> [WORK TASK]: Which lines run from the one containing "Frogs Howling to" through the end of the data? Write them out exactly, with the pictures left out.

(RECORDS SUPPLIED begins)

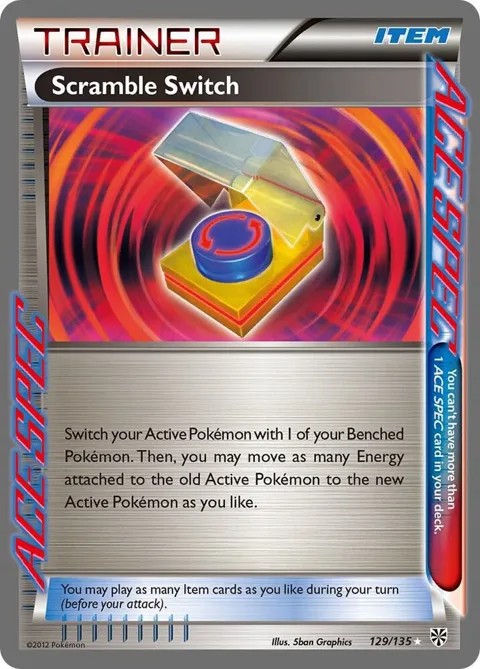 Scramble Switch #129/135 Holofoil Pokémon card from Plasma Storm
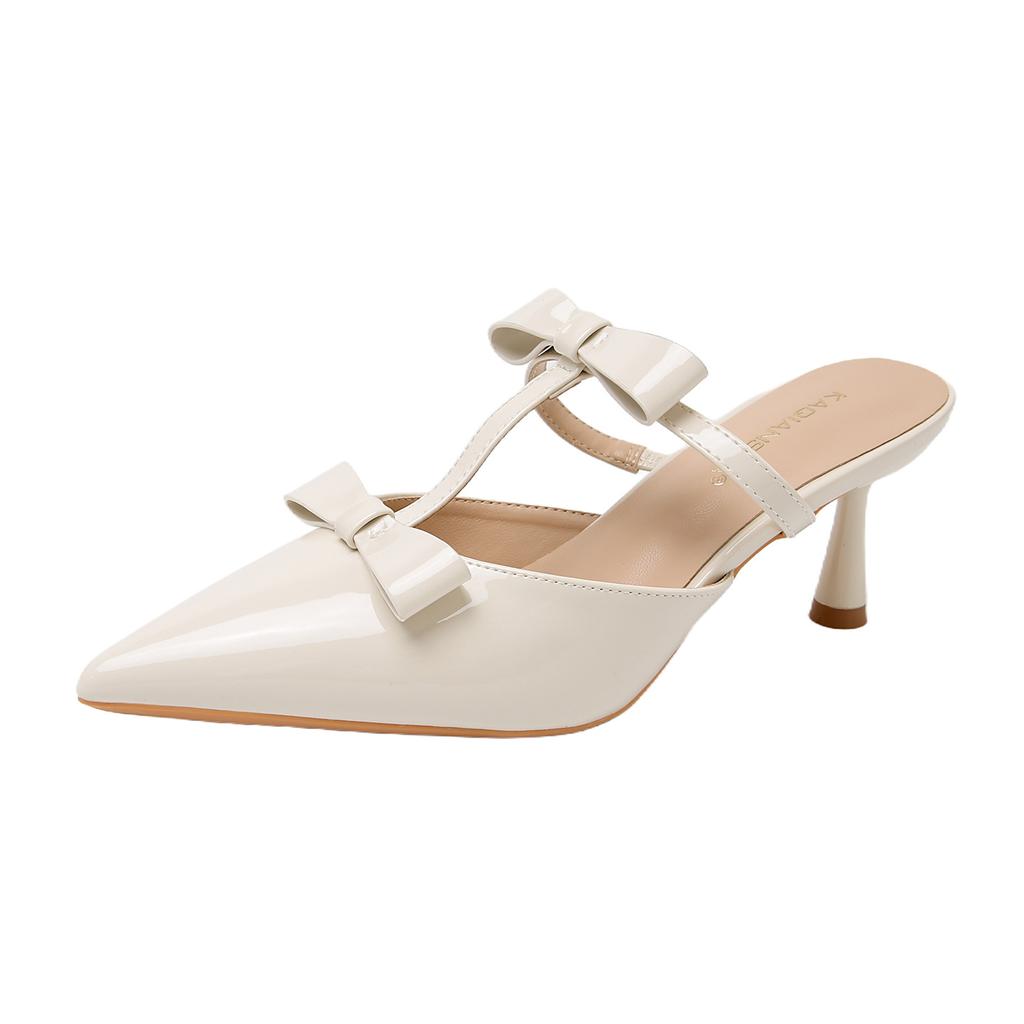 Fashion Elegant Black Pointed Toe Pumps Women Sweet Butterfly-knot T Strap Decoration Slide Sandals Fashion Comfort Brand Designer Shoes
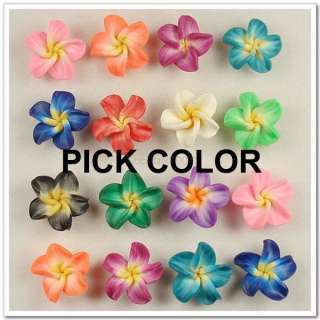 50 PCS Pick Color Polymer Clay Fimo Plumeria Flower Beads 20mm  
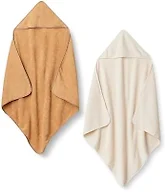 Amazon Essentials x Sofia Grainge Unisex Babies' Hooded Bath Towel, Pack of 2, Ivory/Light Camel, One Size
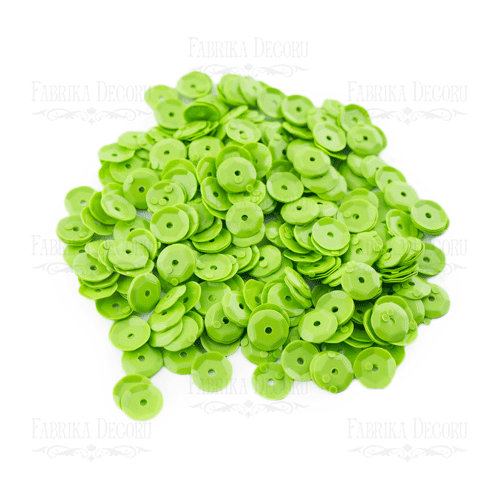 Пайетки 6 мм Фабрика Декору, цвет салатовый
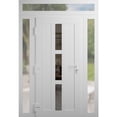 thumbnail image 4 of Front Exterior Prehung Metal-Plastic Door Frosted Glass | Manux 8112 White Silk | 2 Side and Top Sidelite Transom | Office Commercial and Residential Doors Patio 64x94 (W14+36+14x80+14) Right-hand, 4 of 6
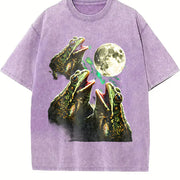Frogs Howling to Moon 90s Vintage Washed T-Shirt in Purple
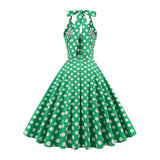 Tonval Green Halter Neck Button 50s Vintage Rockabilly Swing Dress-Dresses-Glitz Glam and Rebellion GGR Pinup, Retro, and Rockabilly Fashions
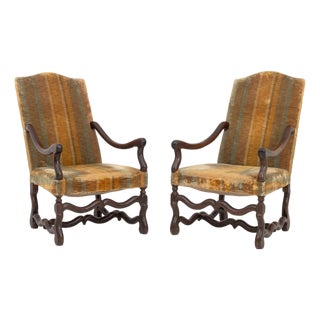 Louis XIII Walnut and Velvet Upholstery Fauteuils, 17th Century, Pair For Sale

(RECORDS SUPPLIED ends)

> [RESULT]:
Frogs Howling to Moon 90s Vintage Washed T-Shirt in Purple
 Tonval Green Halter Neck Button 50s Vintage Rockabilly Swing Dress-Dresses-Glitz Glam and Rebellion GGR Pinup, Retro, and Rockabilly Fashions
 Louis XIII Walnut and Velvet Upholstery Fauteuils, 17th Century, Pair For Sale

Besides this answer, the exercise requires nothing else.